Crawled caption data
Start of Block

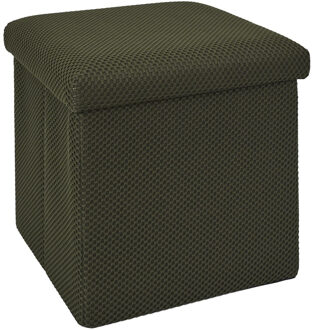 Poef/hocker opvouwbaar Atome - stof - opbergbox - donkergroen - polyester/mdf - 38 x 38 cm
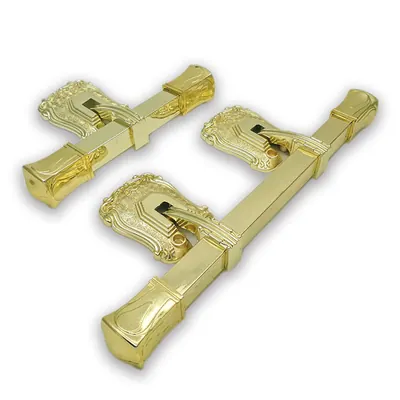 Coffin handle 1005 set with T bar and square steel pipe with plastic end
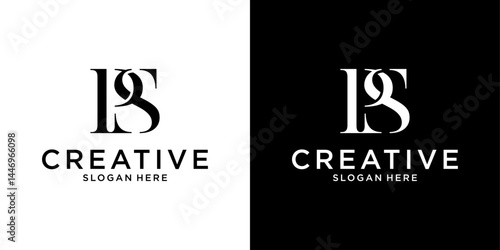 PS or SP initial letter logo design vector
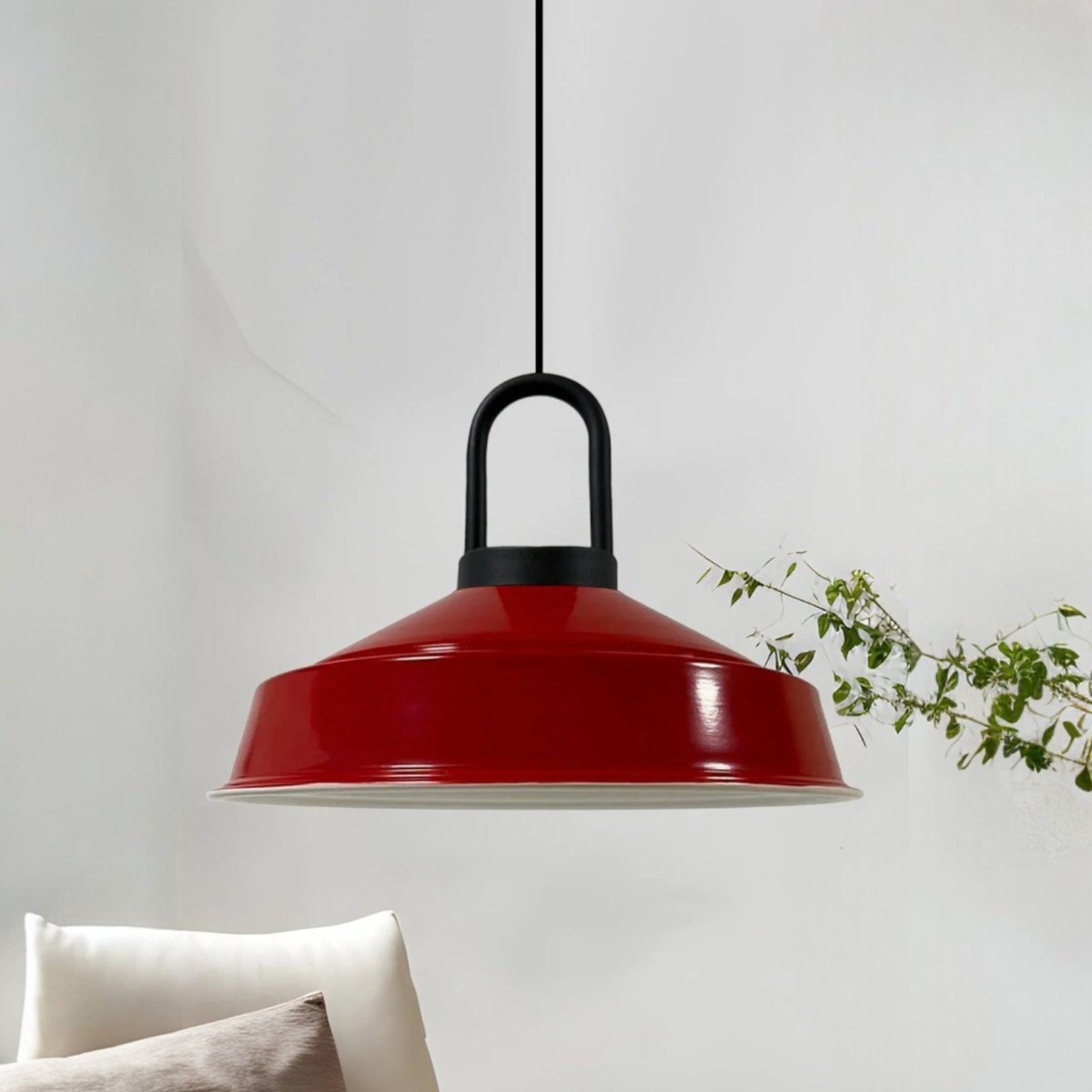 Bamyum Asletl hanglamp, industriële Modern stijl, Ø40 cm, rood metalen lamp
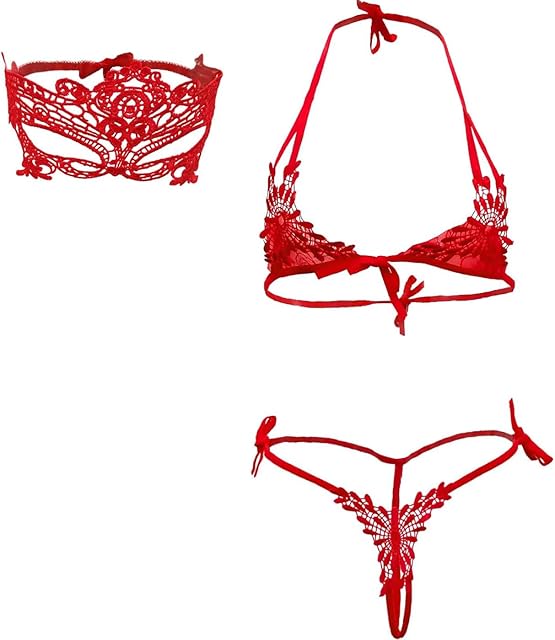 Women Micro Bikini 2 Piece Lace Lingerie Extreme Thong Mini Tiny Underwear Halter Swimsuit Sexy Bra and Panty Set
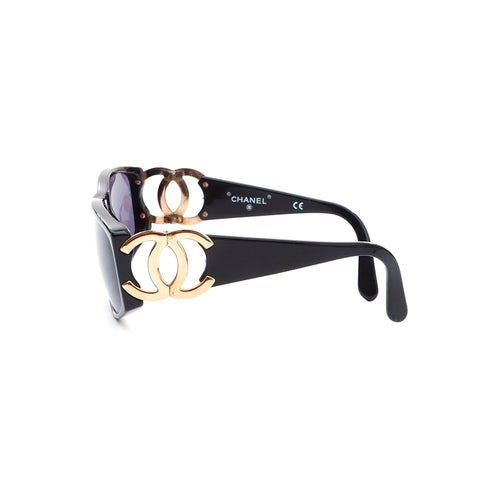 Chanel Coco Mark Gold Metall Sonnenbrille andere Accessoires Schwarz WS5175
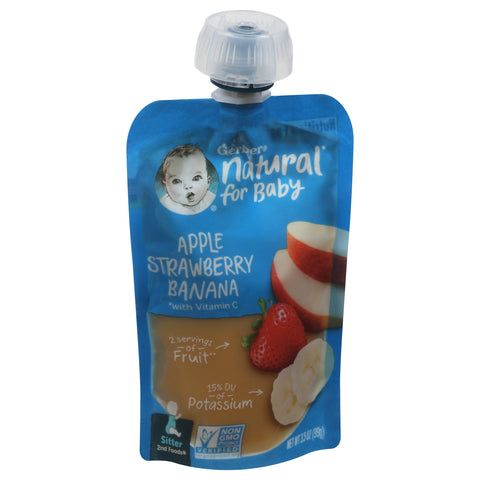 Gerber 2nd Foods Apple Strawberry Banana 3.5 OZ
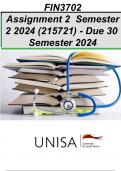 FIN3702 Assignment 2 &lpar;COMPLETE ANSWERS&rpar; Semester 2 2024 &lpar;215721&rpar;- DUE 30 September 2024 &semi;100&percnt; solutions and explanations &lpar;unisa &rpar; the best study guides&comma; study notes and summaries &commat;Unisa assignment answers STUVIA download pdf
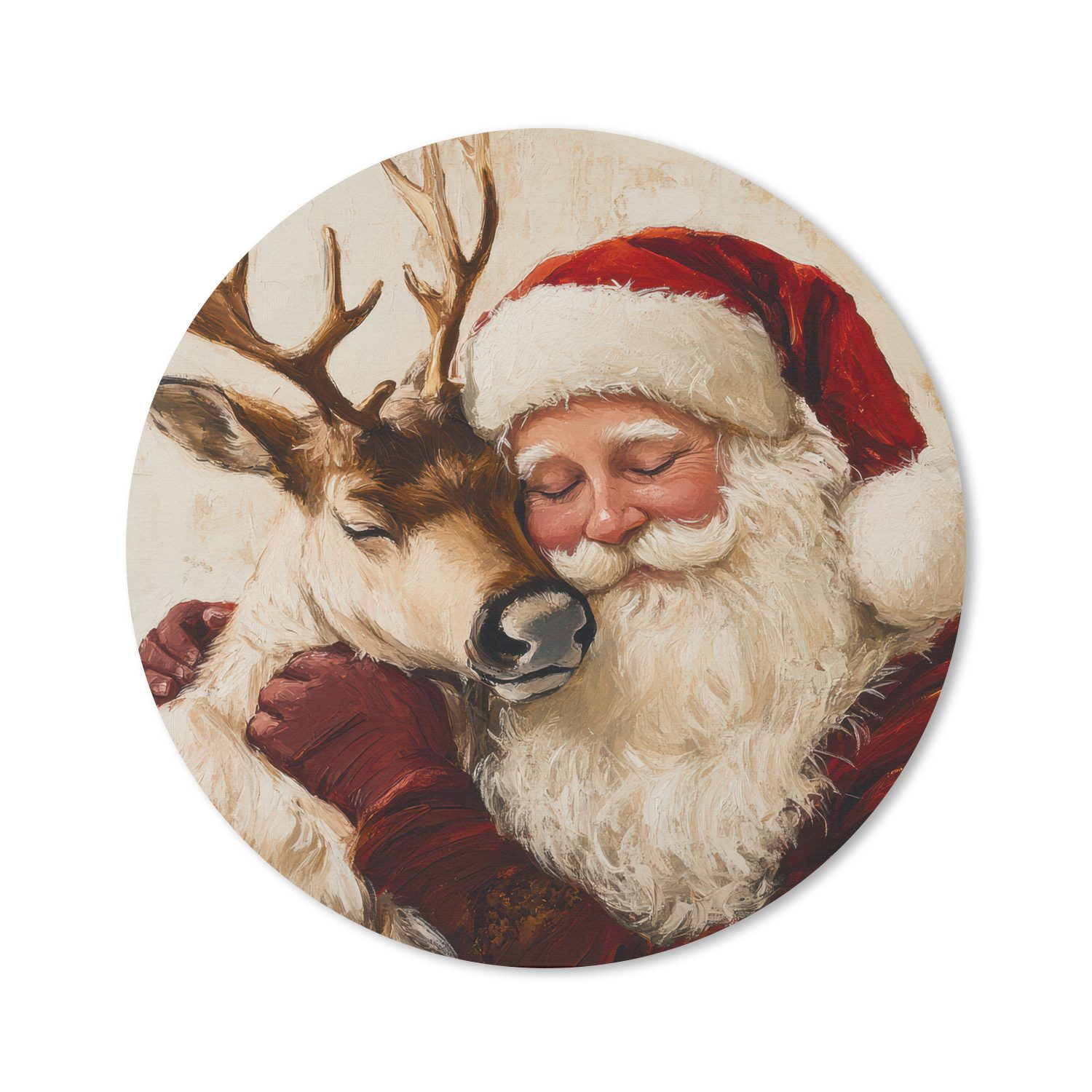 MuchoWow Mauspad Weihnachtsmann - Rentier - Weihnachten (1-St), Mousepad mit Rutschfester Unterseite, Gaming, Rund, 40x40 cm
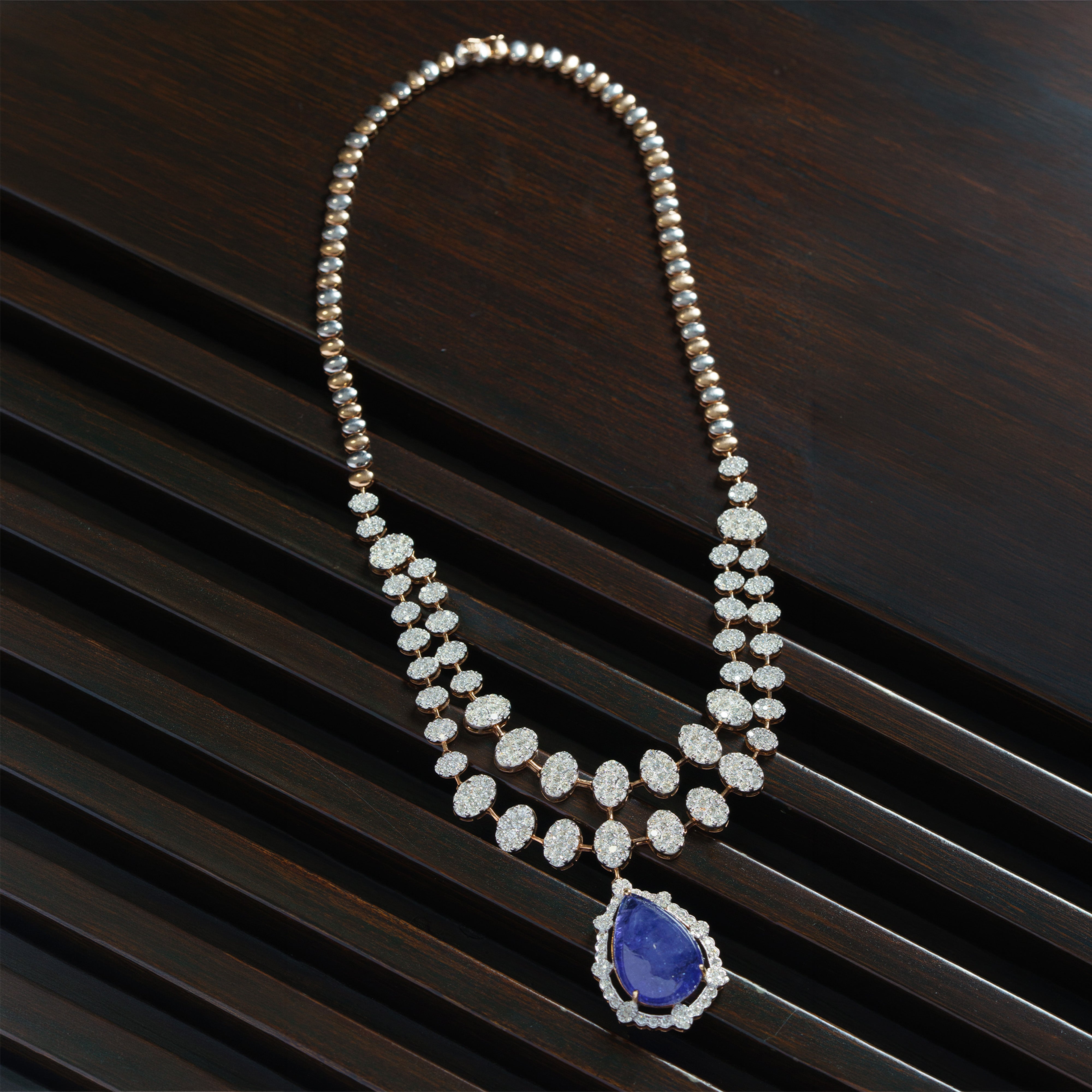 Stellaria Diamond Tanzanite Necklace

End of Block

-- Exercise --
Word for word, give again the lines from the line with "Coffin handle 1005" through the end of the records above, with both ends included and the pictures left out.

-- Reply --
 Coffin handle 1005 set with T bar and square steel pipe with plastic end
 PS or SP initial letter logo design vector
 Bamyum Asletl hanglamp, industriële Modern stijl, Ø40 cm, rood metalen lamp
 Women Micro Bikini 2 Piece Lace Lingerie Extreme Thong Mini Tiny Underwear Halter Swimsuit Sexy Bra and Panty Set
 Chanel Coco Mark Gold Metall Sonnenbrille andere Accessoires Schwarz WS5175
 Gerber 2nd Foods Apple Strawberry Banana 3.5 OZ
 FIN3702 Assignment 2 &lpar;COMPLETE ANSWERS&rpar; Semester 2 2024 &lpar;215721&rpar;- DUE 30 September 2024 &semi;100&percnt; solutions and explanations &lpar;unisa &rpar; the best study guides&comma; study notes and summaries &commat;Unisa assignment answers STUVIA download pdf
 MuchoWow Mauspad Weihnachtsmann - Rentier - Weihnachten (1-St), Mousepad mit Rutschfester Unterseite, Gaming, Rund, 40x40 cm
 Stellaria Diamond Tanzanite Necklace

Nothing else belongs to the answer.